» TASK DIRECTIONS
Please set down only the lines from the one containing "AgenteZodiacal's tweet photo." through the end of the entries below, exactly, minus any pictures.

Stored items
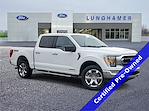 2023 Ford F-150 SuperCrew Cab 4WD Pickup for sale #F21497 - photo 1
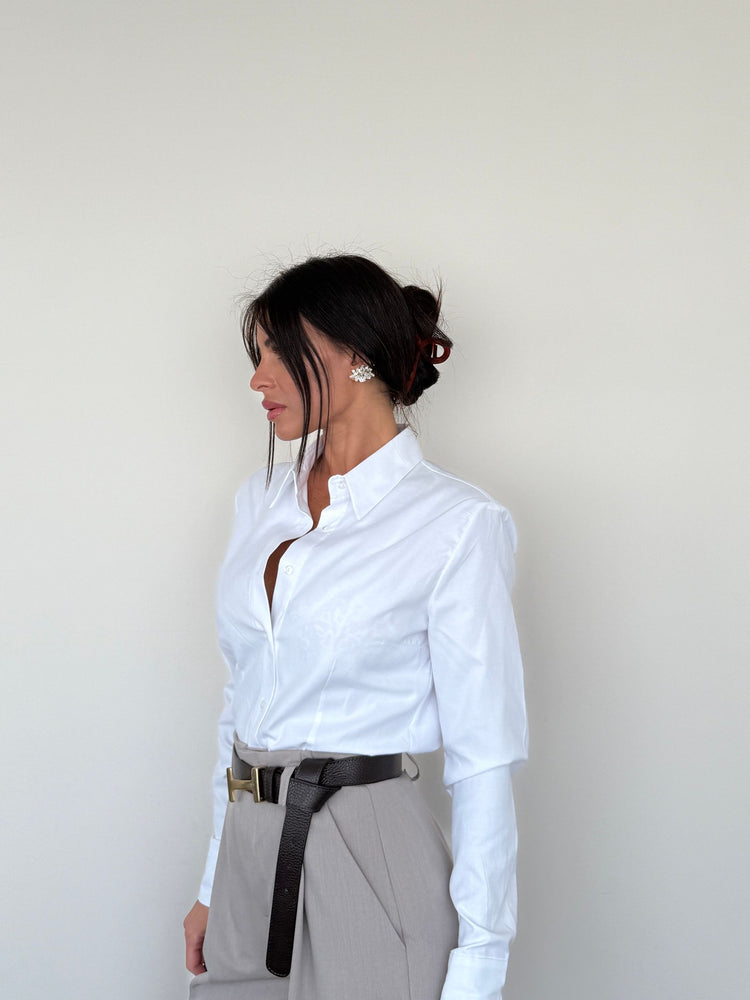 Camicia Eiki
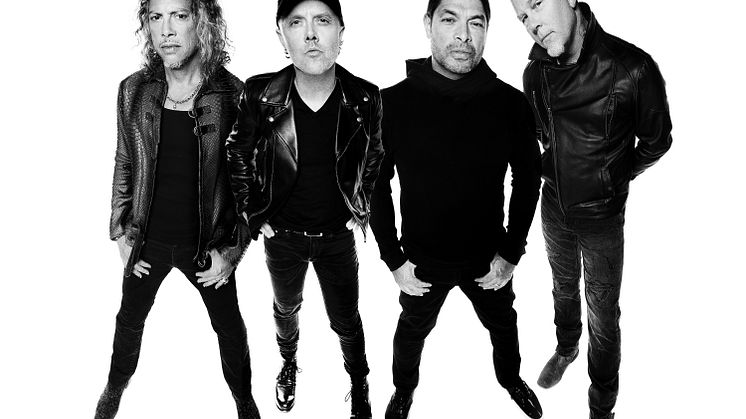 Metallica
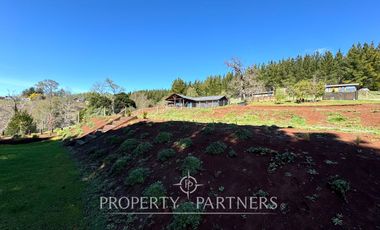 REBAJADO!!!! En venta maravilloso terreno en condominio, sector Pumalal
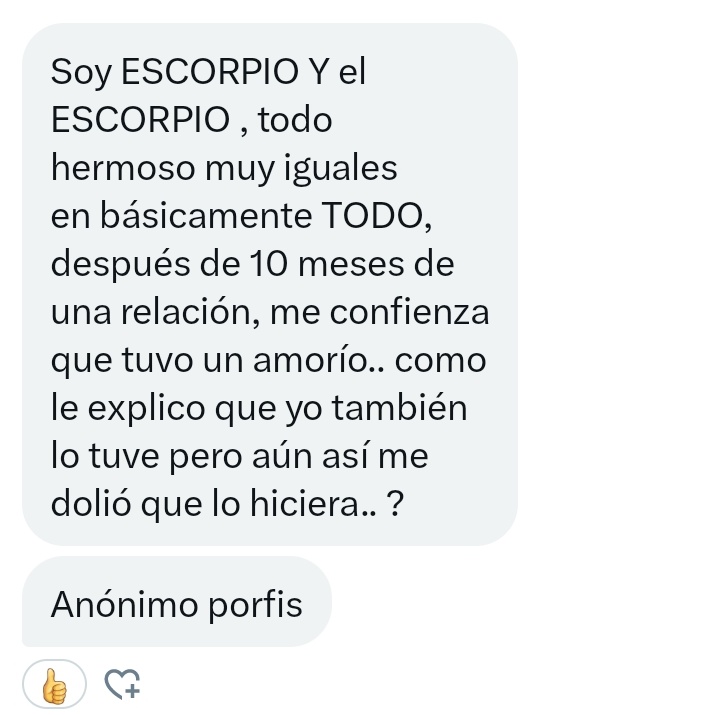 AgenteZodiacal's tweet photo. 😳DOS #ESCORPIO JUNTOS:,Qué  opinan?👇🤔🛑 https://t.co/S8IEBC4ZR8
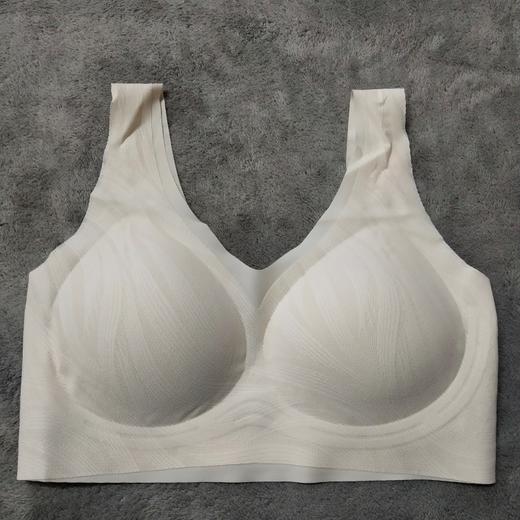 【不退不换】良木礼背心文胸（5054） 商品图1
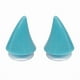 thumbnail image 2 of Casco Personalidad Cuerno de Diablo Ventosa Accesorios, 2 of 2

» SOLUTION TO THE EXERCISE
 AgenteZodiacal's tweet photo. 😳DOS #ESCORPIO JUNTOS:,Qué  opinan?👇🤔🛑 https://t.co/S8IEBC4ZR8
 【不退不换】良木礼背心文胸（5054） 商品图1
 thumbnail image 2 of Casco Personalidad Cuerno de Diablo Ventosa Accesorios, 2 of 2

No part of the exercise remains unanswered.